A Mathily, el malinés dependiente del supermercado kosher en el ataque de Coulibaly (también malinés de origen), cuando le preguntaron cómo había podido él, musulmán, defender a judíos de un ataque islamista, dijo con sencillez: no defendí a judíos, sino franceses, a seres humanos. Una respuesta sencilla, pero que contiene la característica esencial del estado democrático: la laicidad. Ser judío, musulmán, cristiano, o nada, no es un dato relevante para el Estado. Ni ser rico, aristócrata o más pobre que una rata. Todos son igualmente ciudadanos, franceses en este caso. Tendemos a categorizar a la gente según pertenezcan o no a nuestro grupo, según sean o no de nuestra religión, nuestra tendencia política o nuestros colores. Es la triste función de los estereotipos. Algo parecido a lo que pasa con el actual debate sobre la corrupción: si el corrupto es de nuestro clan, reclamamos la presunción de inocencia, pero si es del partido adversario entonces afecta a todo el partido, y a qué esperan sus dirigentes para expulsar al sospechoso, y si no lo hacen es que estaban en el ajo, etcétera. Deberíamos aprender de Mathily: un corrtupto del PSOE no es un socialista corrupto, es un corrupto. Pujol no es un nacionalista ladrón, es un ladrón. Coulibaly no es un asesino musulmán, es un asesino. Y punto.

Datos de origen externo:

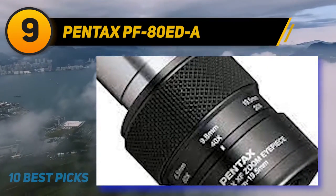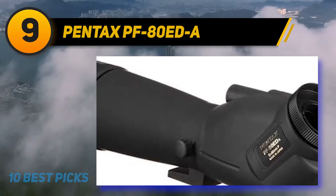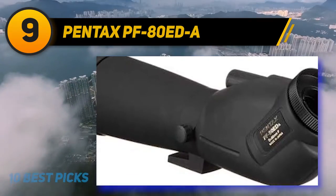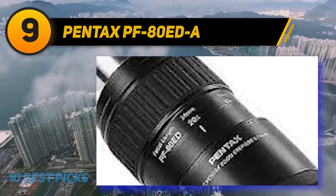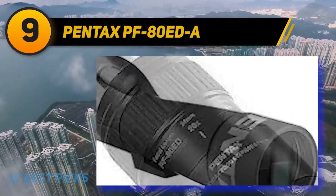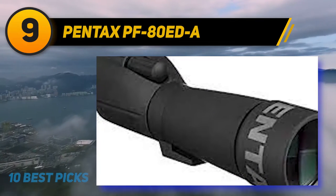The scope uses the same low-dispersion optics utilized in its camera lenses for optimum resolution, and it can achieve up to 60 times magnification. No eyepieces are included, but it's compatible with all standard 1.25-inch interchangeable telescope eyepieces, and you can mount it to your digital camera to transform it into a powerful astrophotography lens.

Al día siguiente, en un programa de radio en que entrevistaban a una chica musulmana, noté que siempre decían “musulmanes en España” no “musulmanes españoles”. La marginación empieza en el lenguaje. Si nos cuesta decir el sintagma “musulmanes españoles” (o sea, españoles islámicos) es que los consideramos menos españoles, ciudadanos de segunda. La razón es que consideramos la nacionalidad española como una identidad, con una serie de características: y si las posees, eres más o menos español. Desde ser blanco y cristiano, tener un apellido en “ez” y hablar castellano, hasta ir de bares, echarse la siesta o hablar alto, todo son características que te hacen más español si las tienes, o menos, si te faltan.

Pues bien, la laicidad significa que todas esas notas de “españolidad” nada tienen que ver con la ciudadanía española. El negro musulmán de nombre Abdul, que viste chilaba, habla árabe, le gusta el Barça y no prueba el vino ni a tiros, es tan español como tú y como yo. La obligación del Estado es ser absolutamente indiferente (laico) a esas características. Al revés, el Estado debe velar para que ningún ciudadano sea discriminado por sus características identitarias. La identidad es una cosa privada, y cada uno tiene derecho a tener o escoger la que quiera, y el Estado debe proteger ese derecho. La única identidad que el Estado debe reprimir es la que sea intolerante, la que pretenda imponer o prohibir algo a los demás. O la que sea contraria a la dignidad humana: racista, sexista, esclavista.

La laicidad respecto a la religión nos ha costado doscientos años, y aún colea: por ejemplo, en el calendario de fiestas. Pero la novedad de este siglo puede ser la “laicidad nacional”: es decir, la extensión de la laicidad al terreno de la nacionalidad. Hay que superar el “principio de las nacionalidades” del presidente americano Wilson, que afirma que todo “pueblo o nación” tiene derecho a constituir un estado que lo represente. Es decir, que el Estado debe proteger y fomentar una identidad nacional determinada. Como consecuencia, los ciudadanos que no poseen esa identidad (lengua, religión, raza, costumbres) son menos ciudadanos, son ciudadanos de segunda y deben “adquirir la identidad”: deben hacerse franceses, españoles, italianos, alemanes, británicos, para corregir su “identidad desviada”. Pues bien, ese “estado nacional” ha sido el combustible de todas –o casi todas- las guerras del siglo pasado, desde la de hace cien años, que dinamitó los imperios supranacionales –otomano y austohúngaro- hasta la tan terrible -y tan próxima- de Yugoslavia. Pero sobre todo: nuestros nacionalismos, el catalán, vasco o gallego, se basan en ese mismo equívoco. El estado que propugnan es lo más opuesto a la laicidad. El estado que pretenden sería un estado no ya nacional, sino peor: un estado étnico, que te juzga y te clasifica según tu origen, tus apellidos, tu fervor patriótico, tu lengua.